▶ **Action item**
For the records below, output word for word the lines from the one with "Foto de La Real" up to and including the one with "Kajal Nishad Instagram". No pictures.
—————
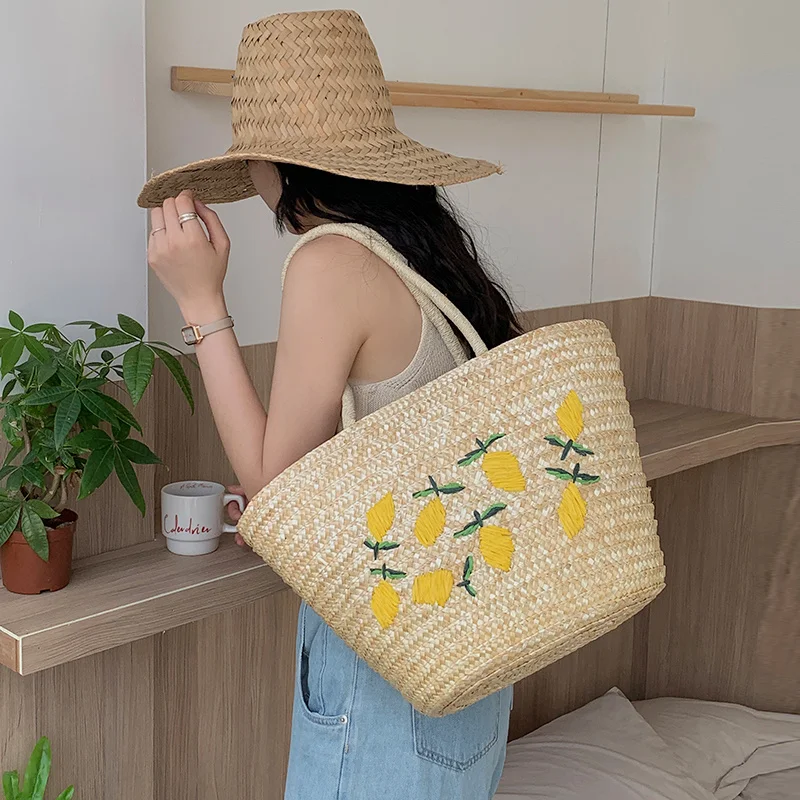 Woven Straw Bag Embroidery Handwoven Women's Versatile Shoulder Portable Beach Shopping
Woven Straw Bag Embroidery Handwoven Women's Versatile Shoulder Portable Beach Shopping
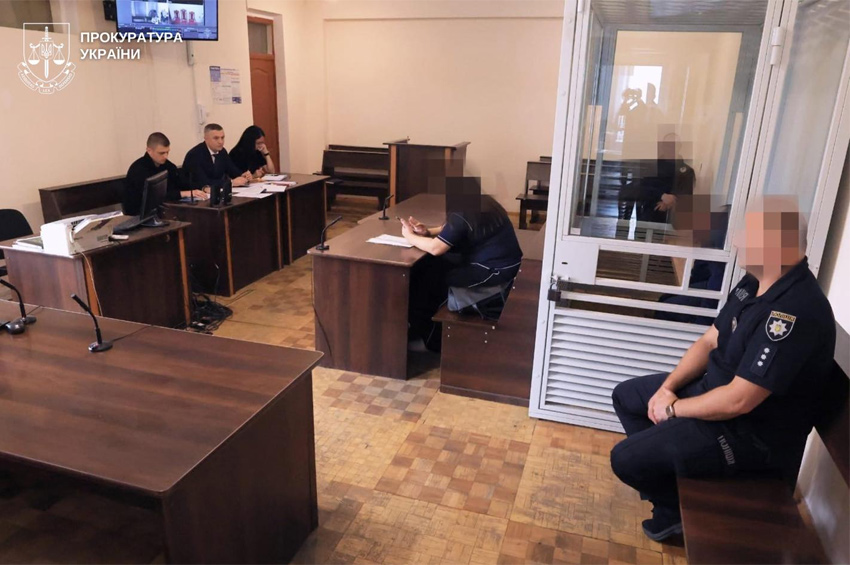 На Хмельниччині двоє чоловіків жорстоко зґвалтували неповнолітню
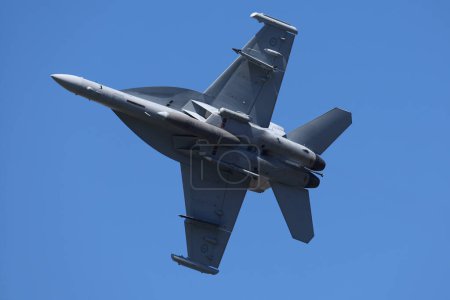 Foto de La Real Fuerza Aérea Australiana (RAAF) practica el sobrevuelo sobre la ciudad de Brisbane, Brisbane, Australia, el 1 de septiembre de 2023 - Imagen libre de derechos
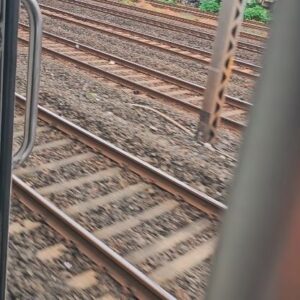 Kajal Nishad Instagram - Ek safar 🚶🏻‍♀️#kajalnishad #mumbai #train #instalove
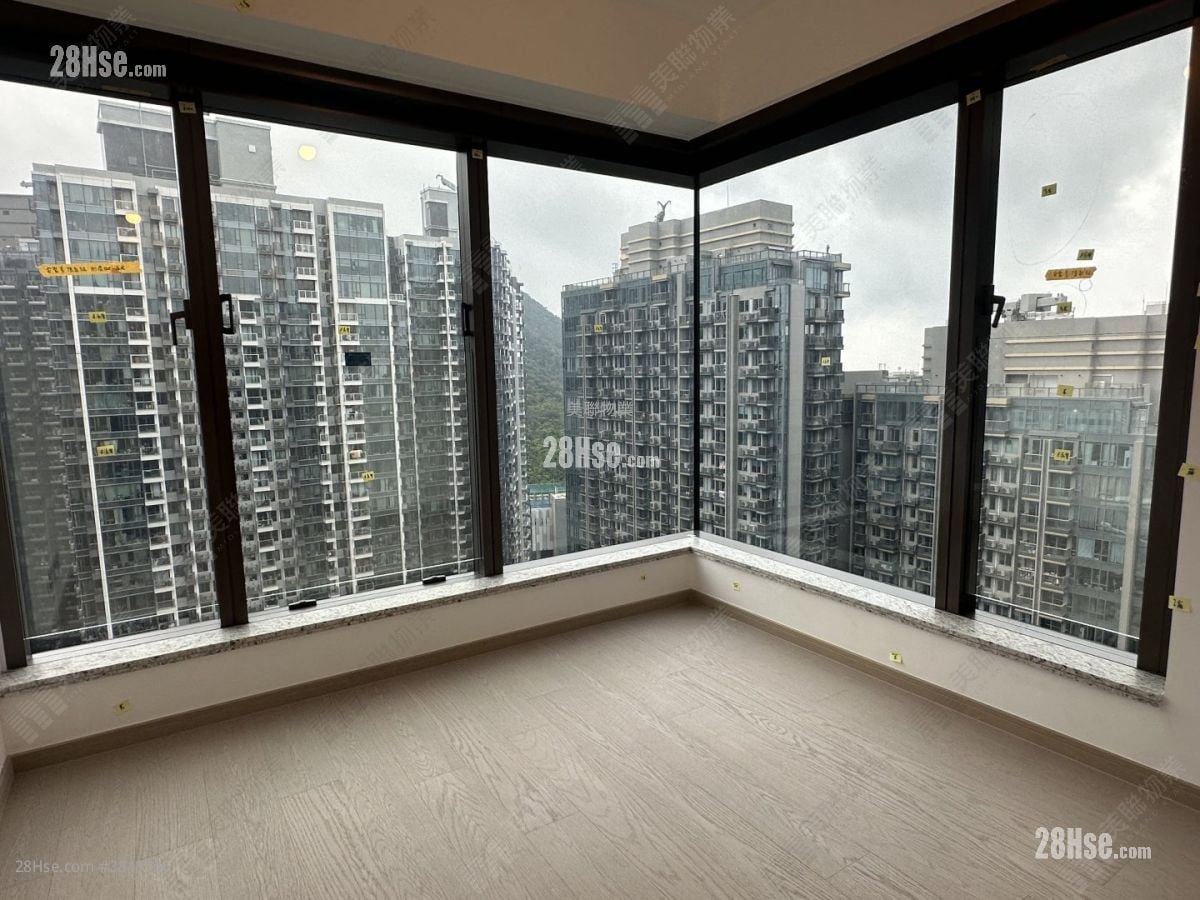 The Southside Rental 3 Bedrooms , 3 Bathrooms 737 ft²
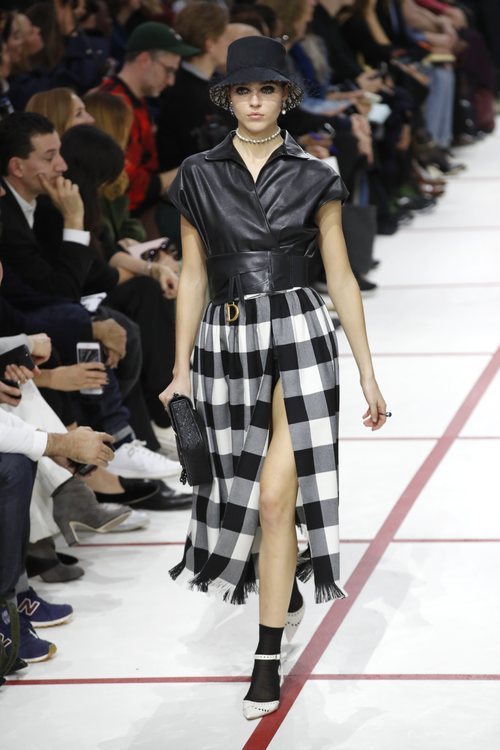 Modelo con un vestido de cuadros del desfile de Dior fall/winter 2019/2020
—————
▶ **Written reply**
 Foto de La Real Fuerza Aérea Australiana (RAAF) practica el sobrevuelo sobre la ciudad de Brisbane, Brisbane, Australia, el 1 de septiembre de 2023 - Imagen libre de derechos
 Kajal Nishad Instagram - Ek safar 🚶🏻‍♀️#kajalnishad #mumbai #train #instalove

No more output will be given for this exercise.